EXERCISE BRIEF -
Copy the records below exactly, starting at the line that contains "Black New Ring Line Boots" and ending at the line that contains "Кольцо Diamant 52-210-01980-1_16"; leave out any pictures.

AVAILABLE DATA -
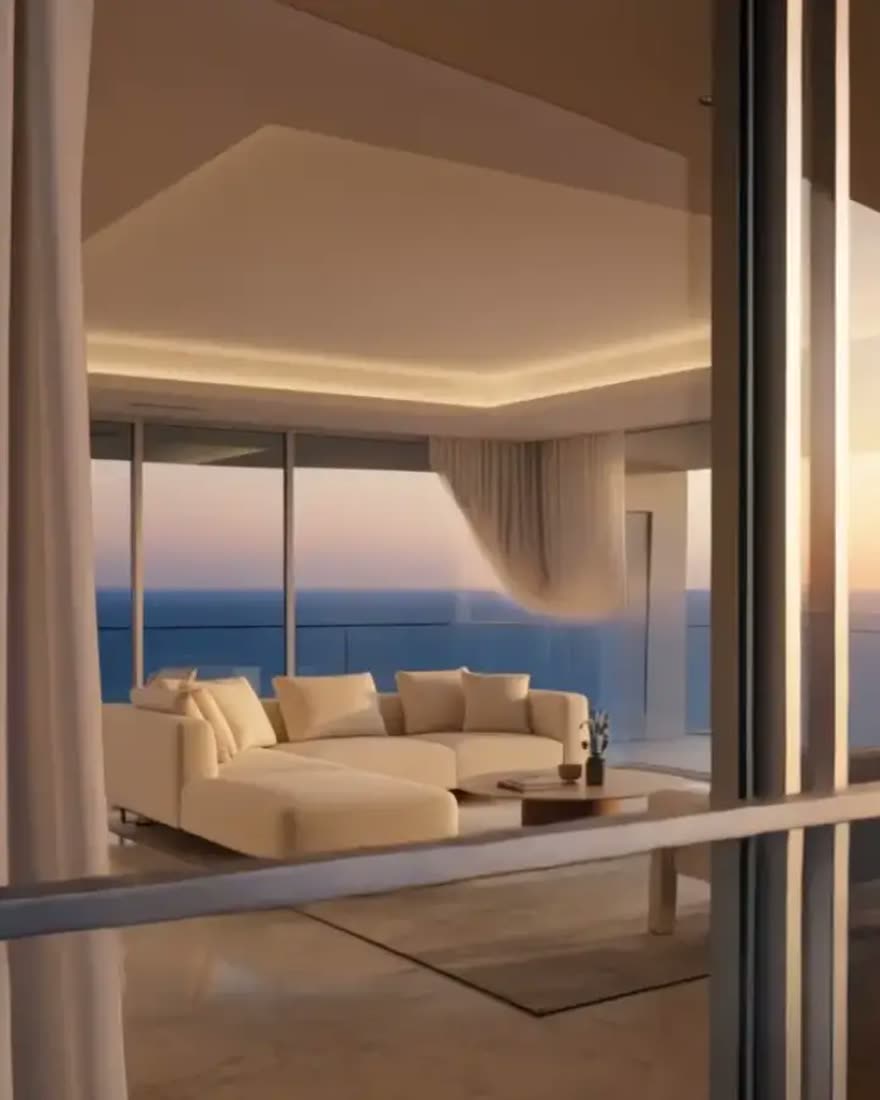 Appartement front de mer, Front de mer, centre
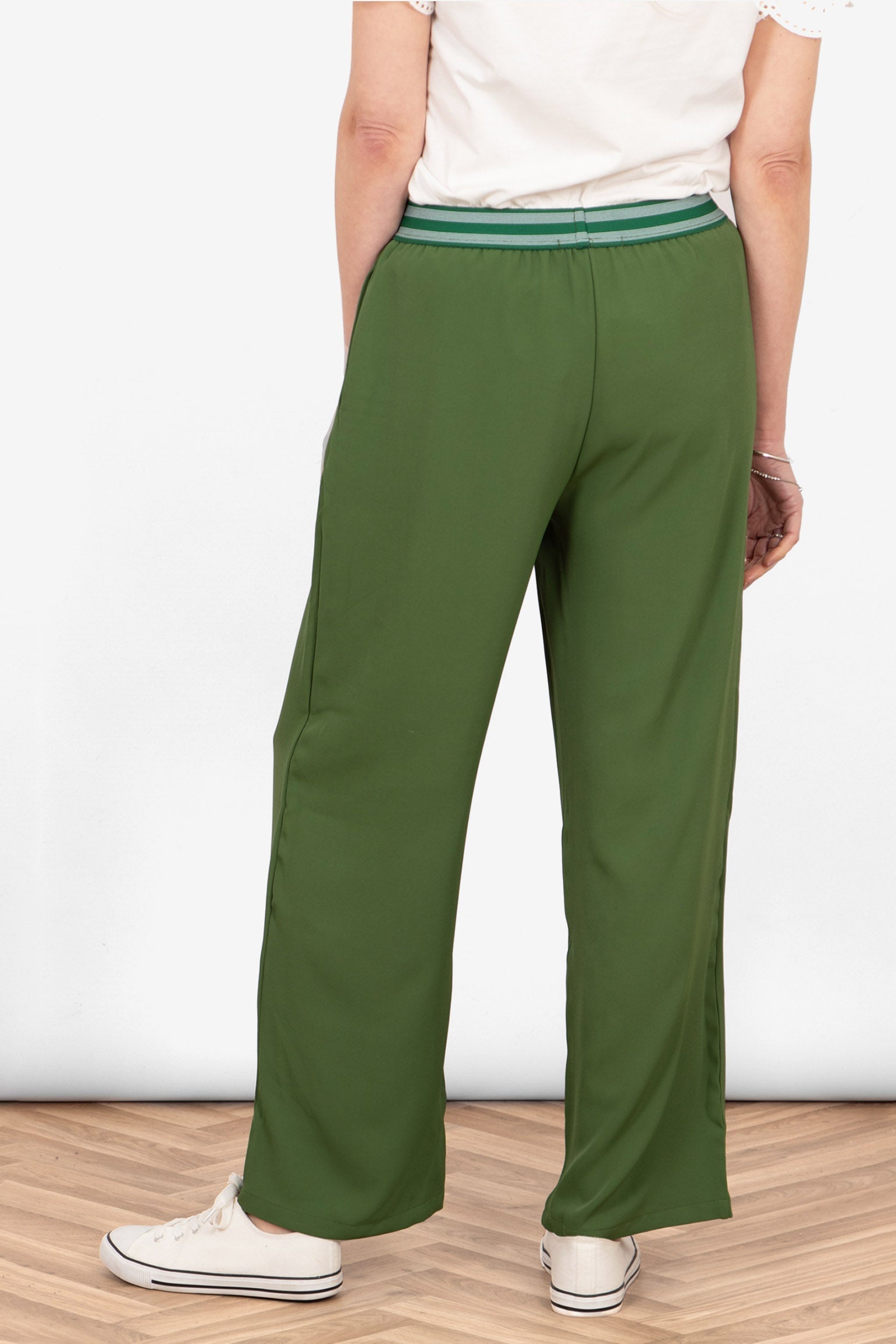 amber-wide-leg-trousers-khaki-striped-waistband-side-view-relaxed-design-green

* * *

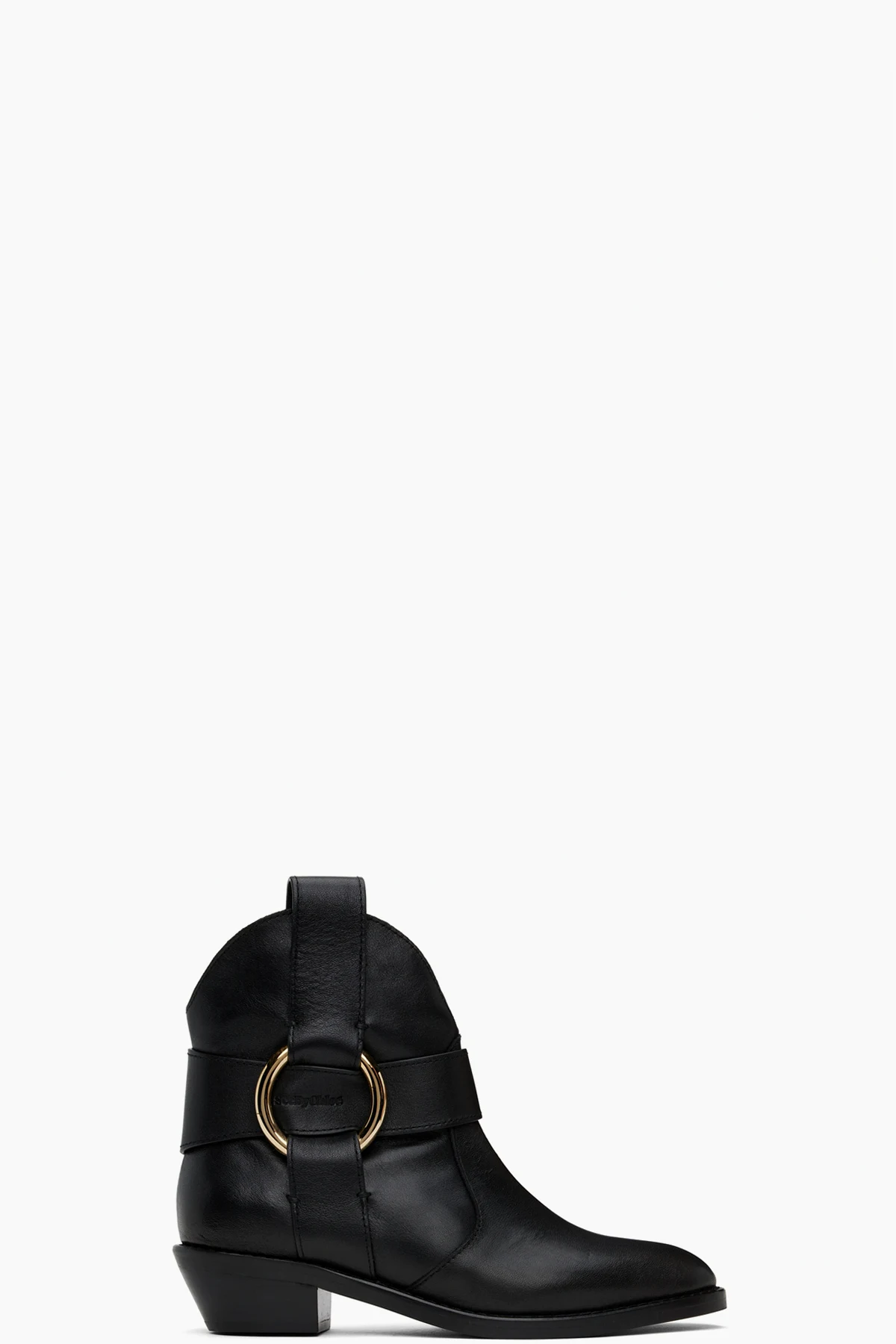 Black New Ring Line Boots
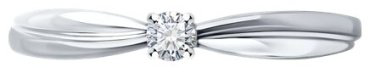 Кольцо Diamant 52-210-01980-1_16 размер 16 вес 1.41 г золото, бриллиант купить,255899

ANSWER BOX -
 Black New Ring Line Boots
 Кольцо Diamant 52-210-01980-1_16 размер 16 вес 1.41 г золото, бриллиант купить,255899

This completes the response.